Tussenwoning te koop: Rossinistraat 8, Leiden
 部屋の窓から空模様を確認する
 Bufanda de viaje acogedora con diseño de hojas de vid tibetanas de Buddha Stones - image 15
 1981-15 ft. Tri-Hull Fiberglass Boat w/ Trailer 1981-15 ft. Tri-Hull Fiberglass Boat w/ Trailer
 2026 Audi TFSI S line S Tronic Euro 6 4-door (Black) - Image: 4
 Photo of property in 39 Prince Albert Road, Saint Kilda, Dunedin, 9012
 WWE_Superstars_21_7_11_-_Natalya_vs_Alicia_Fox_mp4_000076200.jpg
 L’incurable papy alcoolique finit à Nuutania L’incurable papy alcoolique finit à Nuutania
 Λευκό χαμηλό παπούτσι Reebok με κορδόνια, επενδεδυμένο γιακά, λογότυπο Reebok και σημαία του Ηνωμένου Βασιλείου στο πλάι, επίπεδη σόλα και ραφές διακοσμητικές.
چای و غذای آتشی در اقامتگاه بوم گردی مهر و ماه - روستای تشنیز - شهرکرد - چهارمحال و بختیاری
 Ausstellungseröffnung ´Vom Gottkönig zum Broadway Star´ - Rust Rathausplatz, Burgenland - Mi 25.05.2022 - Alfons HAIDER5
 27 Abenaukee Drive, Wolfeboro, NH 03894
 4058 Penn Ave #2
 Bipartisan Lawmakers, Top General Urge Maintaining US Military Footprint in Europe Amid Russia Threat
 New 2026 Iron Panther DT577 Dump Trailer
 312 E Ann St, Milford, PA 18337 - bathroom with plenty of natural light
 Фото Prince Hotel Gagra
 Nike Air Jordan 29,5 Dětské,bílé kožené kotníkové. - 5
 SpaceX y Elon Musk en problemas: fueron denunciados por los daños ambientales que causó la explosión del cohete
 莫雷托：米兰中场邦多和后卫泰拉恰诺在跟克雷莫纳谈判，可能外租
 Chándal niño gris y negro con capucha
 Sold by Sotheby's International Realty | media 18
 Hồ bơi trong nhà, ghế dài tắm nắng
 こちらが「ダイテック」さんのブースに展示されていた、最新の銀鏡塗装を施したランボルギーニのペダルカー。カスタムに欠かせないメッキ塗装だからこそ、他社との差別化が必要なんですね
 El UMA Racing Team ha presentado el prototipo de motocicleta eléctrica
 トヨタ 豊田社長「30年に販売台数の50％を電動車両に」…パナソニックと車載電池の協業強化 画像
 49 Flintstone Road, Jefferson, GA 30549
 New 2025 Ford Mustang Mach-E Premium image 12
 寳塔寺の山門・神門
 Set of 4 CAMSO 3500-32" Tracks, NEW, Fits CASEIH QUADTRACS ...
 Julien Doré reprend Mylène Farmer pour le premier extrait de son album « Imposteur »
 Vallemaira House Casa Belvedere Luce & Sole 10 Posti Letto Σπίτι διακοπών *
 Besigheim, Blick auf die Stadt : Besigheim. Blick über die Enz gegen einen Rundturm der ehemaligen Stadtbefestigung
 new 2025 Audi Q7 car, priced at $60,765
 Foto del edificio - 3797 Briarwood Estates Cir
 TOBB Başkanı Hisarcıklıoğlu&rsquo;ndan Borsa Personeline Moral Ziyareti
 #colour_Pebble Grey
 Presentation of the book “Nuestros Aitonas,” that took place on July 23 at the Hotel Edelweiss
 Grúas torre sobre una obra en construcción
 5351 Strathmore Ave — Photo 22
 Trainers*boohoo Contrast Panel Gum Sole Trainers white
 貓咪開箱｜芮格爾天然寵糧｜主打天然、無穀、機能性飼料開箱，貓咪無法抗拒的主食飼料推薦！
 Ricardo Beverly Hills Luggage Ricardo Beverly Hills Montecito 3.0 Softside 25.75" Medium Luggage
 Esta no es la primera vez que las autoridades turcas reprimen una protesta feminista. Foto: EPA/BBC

## Task details
Your answer should be the lines above, from the line containing "1981-15 ft. Tri-Hull Fiberglass Boat w/ Trailer 1981-15" up to and including the line containing "#colour_Pebble Grey", reproduced exactly and with nothing else.

## Written solution
 1981-15 ft. Tri-Hull Fiberglass Boat w/ Trailer 1981-15 ft. Tri-Hull Fiberglass Boat w/ Trailer
 2026 Audi TFSI S line S Tronic Euro 6 4-door (Black) - Image: 4
 Photo of property in 39 Prince Albert Road, Saint Kilda, Dunedin, 9012
 WWE_Superstars_21_7_11_-_Natalya_vs_Alicia_Fox_mp4_000076200.jpg
 L’incurable papy alcoolique finit à Nuutania L’incurable papy alcoolique finit à Nuutania
 Λευκό χαμηλό παπούτσι Reebok με κορδόνια, επενδεδυμένο γιακά, λογότυπο Reebok και σημαία του Ηνωμένου Βασιλείου στο πλάι, επίπεδη σόλα και ραφές διακοσμητικές.
چای و غذای آتشی در اقامتگاه بوم گردی مهر و ماه - روستای تشنیز - شهرکرد - چهارمحال و بختیاری
 Ausstellungseröffnung ´Vom Gottkönig zum Broadway Star´ - Rust Rathausplatz, Burgenland - Mi 25.05.2022 - Alfons HAIDER5
 27 Abenaukee Drive, Wolfeboro, NH 03894
 4058 Penn Ave #2
 Bipartisan Lawmakers, Top General Urge Maintaining US Military Footprint in Europe Amid Russia Threat
 New 2026 Iron Panther DT577 Dump Trailer
 312 E Ann St, Milford, PA 18337 - bathroom with plenty of natural light
 Фото Prince Hotel Gagra
 Nike Air Jordan 29,5 Dětské,bílé kožené kotníkové. - 5
 SpaceX y Elon Musk en problemas: fueron denunciados por los daños ambientales que causó la explosión del cohete
 莫雷托：米兰中场邦多和后卫泰拉恰诺在跟克雷莫纳谈判，可能外租
 Chándal niño gris y negro con capucha
 Sold by Sotheby's International Realty | media 18
 Hồ bơi trong nhà, ghế dài tắm nắng
 こちらが「ダイテック」さんのブースに展示されていた、最新の銀鏡塗装を施したランボルギーニのペダルカー。カスタムに欠かせないメッキ塗装だからこそ、他社との差別化が必要なんですね
 El UMA Racing Team ha presentado el prototipo de motocicleta eléctrica
 トヨタ 豊田社長「30年に販売台数の50％を電動車両に」…パナソニックと車載電池の協業強化 画像
 49 Flintstone Road, Jefferson, GA 30549
 New 2025 Ford Mustang Mach-E Premium image 12
 寳塔寺の山門・神門
 Set of 4 CAMSO 3500-32" Tracks, NEW, Fits CASEIH QUADTRACS ...
 Julien Doré reprend Mylène Farmer pour le premier extrait de son album « Imposteur »
 Vallemaira House Casa Belvedere Luce & Sole 10 Posti Letto Σπίτι διακοπών *
 Besigheim, Blick auf die Stadt : Besigheim. Blick über die Enz gegen einen Rundturm der ehemaligen Stadtbefestigung
 new 2025 Audi Q7 car, priced at $60,765
 Foto del edificio - 3797 Briarwood Estates Cir
 TOBB Başkanı Hisarcıklıoğlu&rsquo;ndan Borsa Personeline Moral Ziyareti
 #colour_Pebble Grey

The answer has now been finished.